At the same time, he was mourning the loss of “print culture” and dreaded much of the toxic “babble” from social sites and corporate-owned media. He wanted to create something fresh, compelling and provocative — a print magazine with the look and feel of a 19th-century newspaper.

He floated the idea by Novelist and Essayist Walter Kirn, who signed on as editor-at-large.

Samuels approached film producer Donald Rosenfeld, someone he’d known for over 25 years, for the publisher role.

County Highway is produced in print six times a year and distributed to a network of 250 retailers in the United States, Paris and London.

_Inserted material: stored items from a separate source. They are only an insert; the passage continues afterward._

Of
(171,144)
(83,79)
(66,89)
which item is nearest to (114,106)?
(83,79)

“I thought to myself, ‘Who do I trust?’ And immediately, my mind went to Don,” Samuels said. “He’s had no experience in publishing, but he was a very successful movie producer, someone I personally trust and like. And he has a lovely personality. He can sell anything.”

Samuels delivered his pitch: “How would you like to be the publisher of a small magazine, published as a 19th-century American newspaper that’s pretty much guaranteed not to make any money?” Then he asked him for a six-figure check to get other investors stoked and kickstart design development. Rosenfeld delivered and became publisher.

Next, Samuels enlisted Abbott Miller and his team at Pentagram and Illustrator Lisa Orth for County Highway’s design. It has columns and features — perspectives you won’t get anywhere else.

Asked about recruiting writers, Samuels said, “It’s easy to find people who have a similar sense of fun, a similar aesthetic, who are looking for places to speak freely.”

As of mid-November, County Highway had 9,000 paid subscribers. It is distributed to more than 250 retailers in the United States and abroad in Paris and London.

“The real surprise is that my business plan was conservative,” Samuel said. “I imagined spending down our operating capital over two and a half to three years, at which point we would hit some breakeven targets. … What actually happened was that we hit our three-year targets in three weeks.”

You can buy County Highway at general stores, diners, bookstores and record shops.  

Samuels has also planned a book publishing arm — Pan American Books. He figures that not having a heavy overhead burden will allow them to sell fewer copies and still make a profit.

He retold a story of growing up in New York City. There were particular days of the week when the wealthy Upper East Side residents would put their bulky trash on the curb, including trendy furnishings in good condition but “out of style.” His family would seize the opportunity to trash-pick their treasures.

He likens the experience to fearless journalism and thought-provoking editorial commentary being out of style today.

“If you don’t want F. Scott Fitzgerald, classic New Yorker writing of the 1950s, Harper’s writing of the ‘90s. If you say that’s all garbage now, great! Give it to me. I’ll take it off of your hands for nothing. I’ll put it in my van.”